Steeped in French Canadian tradition and German folklore, these five markets are guaranteed to fill you with Christmas cheer
"Inspired by the Old World and influenced by the New", Toronto Christmas market, held in the city's historic Distillery District, offers all the charm of a traditional European market with a few Canadian twists. Visitors are entertained by Bavarian brass bands, organists and folk dancers from Slovenia and Ukraine. There are beer gardens too and festive bars serving hot rum and Christmas cocktails. Try pierogi (Polish dumplings) sharpened with sour cream and fried onions or poutine, a rib-sticking combination of French fries, gravy and soft cheese-curds. Invented in rural Quebec in the 1950s, the dish is one of Canada's guilty pleasures.
Toronto's market also boasts a life-size gingerbread house for the kids (no Hansel and Gretel-style witches with ovens though, thankfully) along with stalls selling Canadian beeswax candles, wooden toys and other traditional gifts. St Nicholas arrives on the 5th of December amid colourful processions, while a World Caroling Challenge is due to be held on the final day of the market (15th December).
The market is held between the 29th of November and the 15th of December 2013.
Kitchener is one of the oldest and largest German communities in Canada and boasts a market steeped in folklore and Teutonic tradition. Listen out for local resident Klaus, a German organ grinder, watch candle-lit processions and demonstrations by local blacksmiths and stop to buy delicate blown-glass ornaments, schnitzel, and stollen studded with sticky dried fruit. Nativity scenes and plays are staged across the weekend featuring characters such as Knecht Ruprecht (Ruprecht the farm hand). A companion of the German Saint Nicholas, Ruprecht carries a sack filled with sweets for good children and a bundle of switches for dealing with those whose behaviour leaves something to be desired.

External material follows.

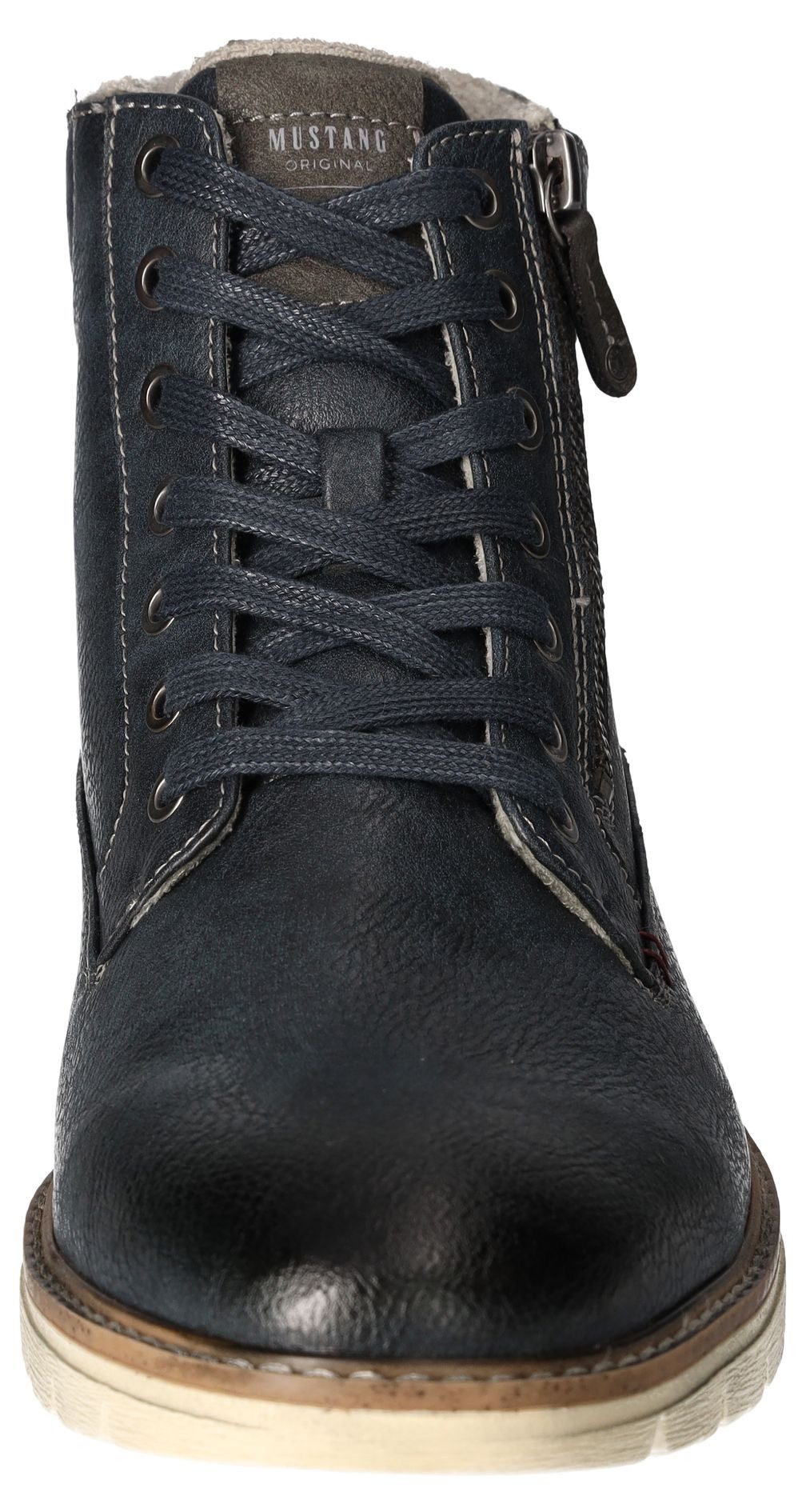 Mustang Shoes Winterlaarzen , veterschoenen, casual enkellaars met geruite inzet aan de schacht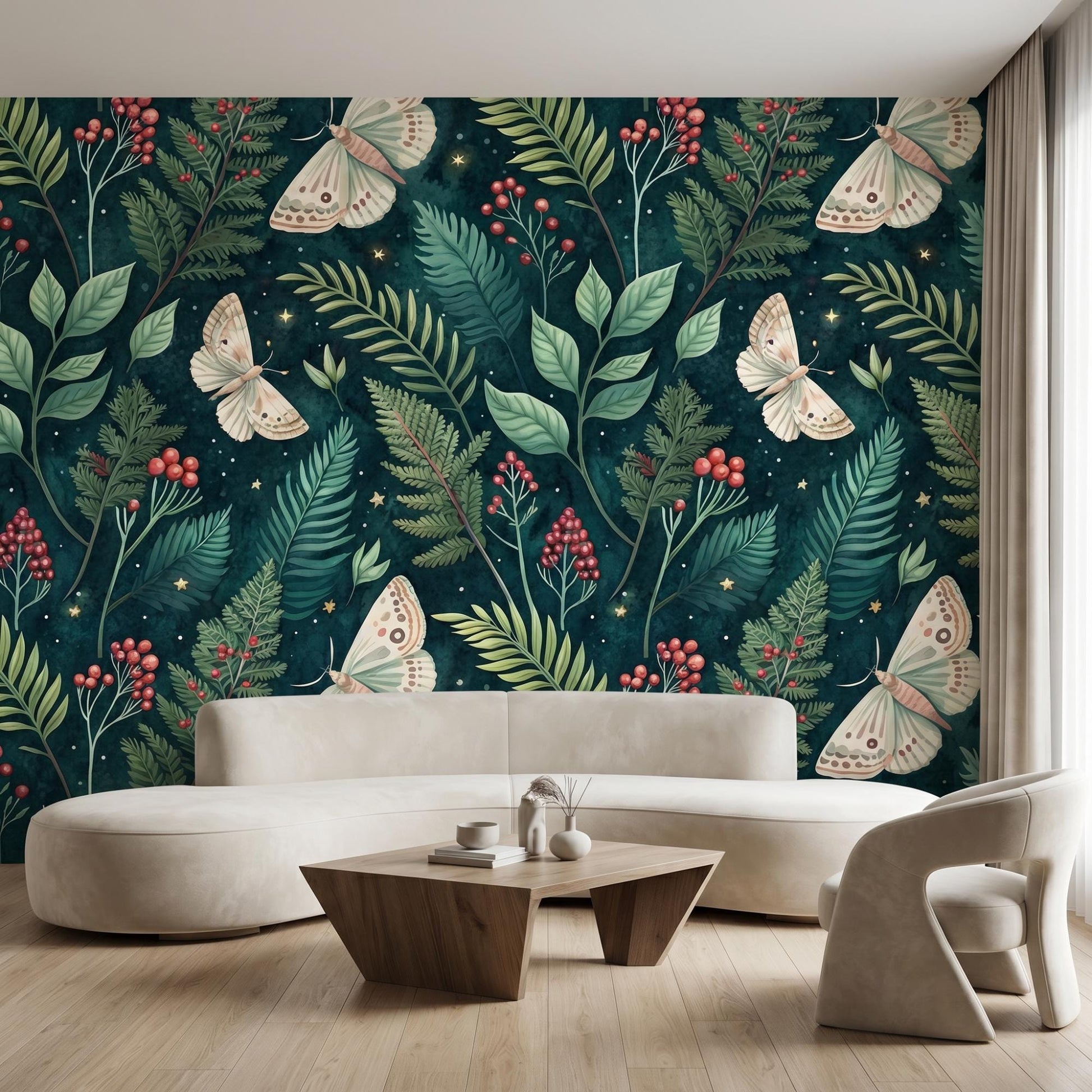 Emerald Green Moth Wallpaper, Dark Academia Fern Mural, Celestial Forest Decor (Peel and Stick)-WP0029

The market, which celebrates its 17th anniversary this year, is held between the 5th and the 8th of December.
Founded in 1608 by French settlers, Quebec City is one of the oldest in North America. In the weeks before Christmas, the scent of pine-needles drifts through the streets of the historic centre where the nouvelle-French architecture glistens with lights. At Le Marché du Vieux-Port on Quai Saint-André traders sell hand-made decorations, woollen scarves, maple syrup and tourtiere, a meat pie eaten in Quebec around Christmas and Thanksgiving. The market coincides with the Quebec City Lights Festival, which marks the winter solstice on the 21st of December. More illuminations, along with ice-sculptures, can be found at the Festi Lumière in the city's aquarium.
In the first two weeks of December, the city also holds a German-style market while those in search of characterful Christmas presents should head to the city craft fair held between the 12th and the 22nd of December. Here you can find hand-thrown pots, intricate jewellery and winter furs.
Confit duck, pear cider, maple butter and salted caramels. Just four reasons to visit The Marché de Noël et des Traditions held in Longueuil, a suburb of Montreal on the south shore of the Saint Lawrence River. The food, much of which comes from small independent producers and local farms, is the highlight here, though gifts are on offer too. Children can ride the wooden train which trundles through snowdrifts, between the garlanded stalls. Musicians and folk dancers provide festive entertainment and Santa is usually on hand to grant Christmas wishes.
December 6-8, 13-15 and 20-22, 2013.
Flaming bowls of feuerzangenbowle (“fire-tongs punch”) will keep you warm as you wander between the wooden chalets that fill the Queen Elizabeth Theatre Plaza in central Vancouver. This traditional German drink involves a rum-soaked sugarloaf set ablaze and left to melt into a beaker of mulled wine. Along with baked apples and decadent Swiss raclette, it's just one of the winter treats available at Vancouver's Christmas market. The German-themed market is also the place to find painted beer steins, elegant lace-work decorations and many other handmade gifts. Poinsettias, Christmas lights and advent wreaths add a splash colour with an old-fashioned Christmas carousel, gospel choirs and string ensembles for entertainment.
If you're on the hunt for arty stocking-fillers, why not join the locals at the 40th annual Craft Circle Christmas Market? The market features hundreds of stalls with work by Canadian artisans including wood-turners, glass-blowers and toy makers. It's the perfect place to find a special Christmas gift.
The market runs from November 22 to December 24, 2013.